Equidistribution of divergent orbits of the diagonal group in the space of lattices

TL;DR

This paper investigates the distributional behavior of divergent orbits of diagonal groups in lattice spaces, establishing conditions for equidistribution and limitations on orbit confinement in higher dimensions.

Contribution

It introduces invariants for divergent orbits and proves equidistribution results using entropy and measure rigidity methods.

Findings

Virtually all divergent orbits of a specific type become equidistributed as discriminant increases.

In dimensions three and higher, only a few divergent orbits can remain in a compact set before diverging.

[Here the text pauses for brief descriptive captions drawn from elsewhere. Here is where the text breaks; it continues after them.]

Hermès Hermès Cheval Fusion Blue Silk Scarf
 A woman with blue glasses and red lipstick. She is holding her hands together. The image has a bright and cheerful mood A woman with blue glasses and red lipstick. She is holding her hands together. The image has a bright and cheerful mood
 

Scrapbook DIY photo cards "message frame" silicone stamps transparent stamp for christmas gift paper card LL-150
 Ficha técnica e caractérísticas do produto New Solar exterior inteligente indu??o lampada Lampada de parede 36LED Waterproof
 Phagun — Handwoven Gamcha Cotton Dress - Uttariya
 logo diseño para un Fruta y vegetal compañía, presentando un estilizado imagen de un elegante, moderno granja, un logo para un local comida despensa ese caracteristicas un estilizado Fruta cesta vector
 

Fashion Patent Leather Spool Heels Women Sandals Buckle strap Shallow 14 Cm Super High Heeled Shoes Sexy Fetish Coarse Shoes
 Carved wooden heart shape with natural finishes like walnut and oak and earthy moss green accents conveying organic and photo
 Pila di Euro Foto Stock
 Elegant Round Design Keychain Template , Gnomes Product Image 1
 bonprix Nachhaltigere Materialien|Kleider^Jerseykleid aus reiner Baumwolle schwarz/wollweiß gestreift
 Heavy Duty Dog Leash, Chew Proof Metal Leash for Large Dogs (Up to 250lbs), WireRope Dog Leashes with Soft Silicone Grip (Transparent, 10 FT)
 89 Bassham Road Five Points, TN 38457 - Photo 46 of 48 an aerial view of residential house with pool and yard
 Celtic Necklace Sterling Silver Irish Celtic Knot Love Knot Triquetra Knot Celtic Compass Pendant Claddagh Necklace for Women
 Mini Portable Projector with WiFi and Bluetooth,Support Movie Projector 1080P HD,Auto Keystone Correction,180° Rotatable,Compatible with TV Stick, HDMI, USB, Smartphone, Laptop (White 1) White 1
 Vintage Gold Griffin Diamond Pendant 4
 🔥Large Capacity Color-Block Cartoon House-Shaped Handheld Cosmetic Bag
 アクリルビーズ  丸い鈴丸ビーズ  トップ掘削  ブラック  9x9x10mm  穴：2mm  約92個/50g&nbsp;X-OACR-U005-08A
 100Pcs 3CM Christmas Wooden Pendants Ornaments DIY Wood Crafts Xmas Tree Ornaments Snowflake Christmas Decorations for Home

The study links orbit invariants to their distributional limits in the space of lattices.

Abstract

We consider divergent orbits of the group of diagonal matrices in the space of lattices in Euclidean space. We define two natural numerical invariants of such orbits: The discriminant - an integer - and the type - an integer vector. We then study the question of the limit distributional behaviour of these orbits as the discriminant goes to infinity. Using entropy methods we prove that for divergent orbits of a specific type, virtually any sequence of orbits equidistribute as the discriminant goes to infinity. Using measure rigidity for higher rank diagonal actions we complement this result and show that in dimension 3 or higher only very few of these divergent orbits can spend all of their life-span in a given compact set before they diverge.